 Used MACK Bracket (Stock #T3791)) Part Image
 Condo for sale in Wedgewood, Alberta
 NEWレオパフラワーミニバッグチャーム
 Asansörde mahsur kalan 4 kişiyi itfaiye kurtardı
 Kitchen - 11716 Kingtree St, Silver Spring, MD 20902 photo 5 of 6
---
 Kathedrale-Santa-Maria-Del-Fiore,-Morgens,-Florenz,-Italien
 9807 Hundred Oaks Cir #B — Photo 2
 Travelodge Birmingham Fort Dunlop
==
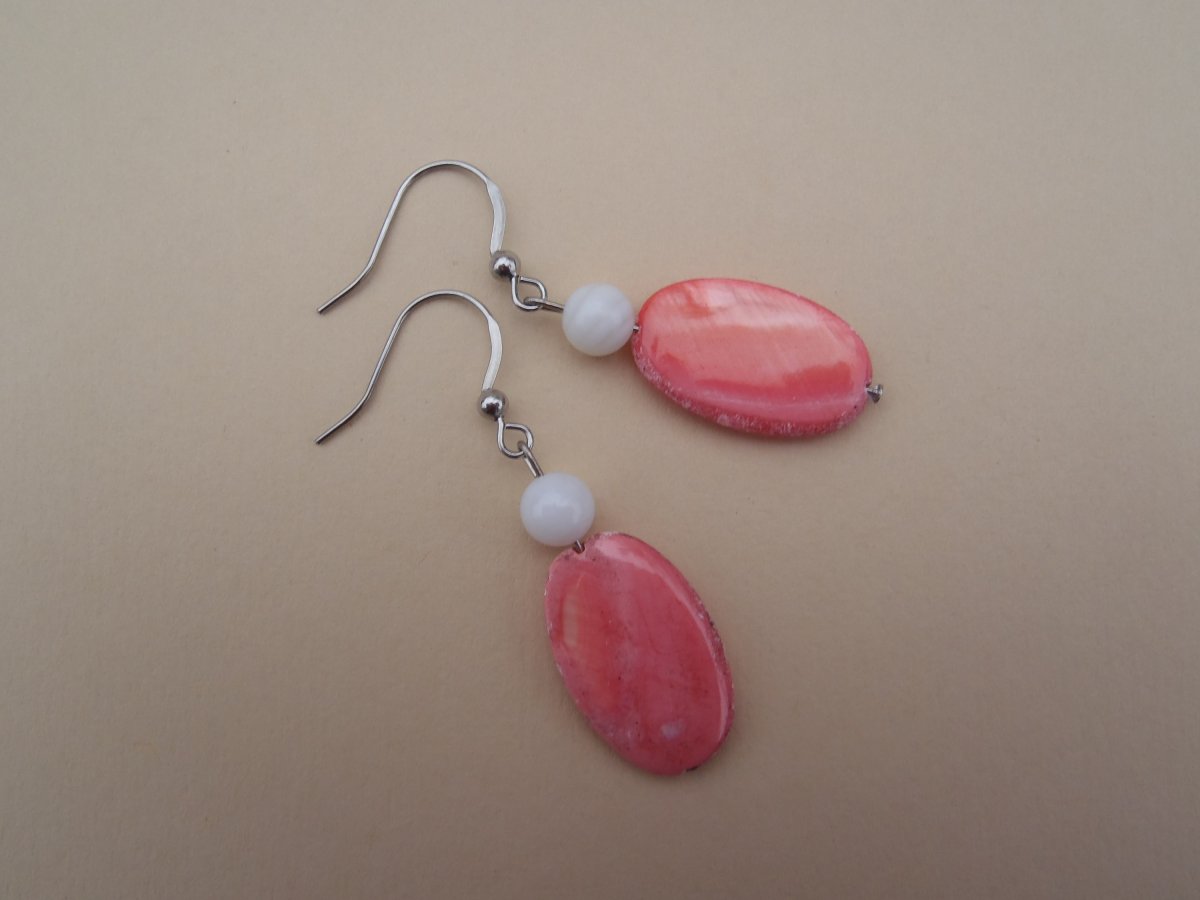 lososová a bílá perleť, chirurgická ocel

▶ [Task prompt]:
From the listing above, output exactly the run of lines that starts with the line containing "Kathedrale-Santa-Maria-Del-Fiore,-Morgens,-Florenz,-Italien" and ends with the line containing "Travelodge Birmingham Fort Dunlop".

▶ [Response below]:
 Kathedrale-Santa-Maria-Del-Fiore,-Morgens,-Florenz,-Italien
 9807 Hundred Oaks Cir #B — Photo 2
 Travelodge Birmingham Fort Dunlop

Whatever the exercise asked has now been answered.